- Born: Anna King Shetland, Scotland, UK
- Education: Duncan of Jordanstone College of Art and Design
- Known for: Painting
- Movement: landscape art
- Awards: Jolomo Award

= Anna King (artist) =

Scottish artist

Blinkbonnie Quarry - one of Anna King's first prize pictures for the Jolomo Award 2007

Anna King, is a Scottish landscape artist "who seeks out forgotten spaces and derelict buildings."

She was born in Shetland, spent most of her life in the Scottish Borders, and lives in the village of Greenlaw, near Kelso.

She first came to attention of the general public at her degree show at Dundee's Duncan of Jordanstone College of Art and Design in 2005.

==Awards==

In 2017, she won the top prize of £20,000 in the annual Jolomo Award, established by John Lowrie Morrison and awarded to Scottish Landscape Artists.

She also received the Royal Scottish Academy Landscape Award from the RSA Student Exhibition and also received the Ian Eadie Award from the Duncan of Jordanstone College of Art and Design

==Exhibitions==

She has had solo exhibitions at:

- Open Eye Gallery in Edinburgh
- Beaux Art Gallery Bath
- 108 Fine Art, Harrogate

She has also exhibited at many other art galleries including the Glasgow Art Fair and the Gallery Heinzel.

==TV==

She featured on the BBC Coast Series, when Alice Roberts visited her during one of her residencies at the Watchie and explored what drew Joan Eardley to Catterline. Also she is the featured artist in a recent Blackberry Ad which shows William Ramsay, founder of the Affordable Art Fair, visiting the artist and then using his BlackBerry Torch to share her paintings with his colleagues. She also featured in a BBC program "Making Art Work: First Idea to Final Piece"

==Art==

She normally works in oil and pencil, on paper and board.

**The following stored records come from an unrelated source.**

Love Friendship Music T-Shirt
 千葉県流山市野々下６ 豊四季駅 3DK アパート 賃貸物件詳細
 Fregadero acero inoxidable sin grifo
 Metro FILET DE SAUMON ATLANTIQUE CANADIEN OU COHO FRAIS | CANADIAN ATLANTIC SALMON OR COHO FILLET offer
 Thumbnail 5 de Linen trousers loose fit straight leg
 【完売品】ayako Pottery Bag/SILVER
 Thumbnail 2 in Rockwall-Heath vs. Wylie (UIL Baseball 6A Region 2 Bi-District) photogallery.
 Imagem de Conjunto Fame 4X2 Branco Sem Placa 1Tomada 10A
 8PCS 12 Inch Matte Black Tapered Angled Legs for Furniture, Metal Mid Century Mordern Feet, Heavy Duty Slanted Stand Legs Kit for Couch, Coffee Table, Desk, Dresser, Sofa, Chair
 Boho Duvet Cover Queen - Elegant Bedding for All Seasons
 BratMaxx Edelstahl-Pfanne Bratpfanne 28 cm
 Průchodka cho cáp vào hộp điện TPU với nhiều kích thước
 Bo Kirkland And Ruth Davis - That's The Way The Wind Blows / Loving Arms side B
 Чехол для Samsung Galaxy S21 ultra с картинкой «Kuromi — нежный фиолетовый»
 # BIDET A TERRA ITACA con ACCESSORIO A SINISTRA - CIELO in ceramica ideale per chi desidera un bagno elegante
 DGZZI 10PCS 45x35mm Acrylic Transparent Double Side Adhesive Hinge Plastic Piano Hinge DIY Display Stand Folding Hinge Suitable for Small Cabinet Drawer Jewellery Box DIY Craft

"This gifted young artist has spent the past two winters working at Joan Eardley's clifftop studio at Catterline. The results are very different from Eardley's wild, densely painted seascapes: cooler, more cerebral, with an almost icy range of colours. Yet something of Eardley's response to nature as an untameable force is echoed in King's bleakly attractive images of post-industrial landscapes: empty feral places where nature is slowly reclaiming the land."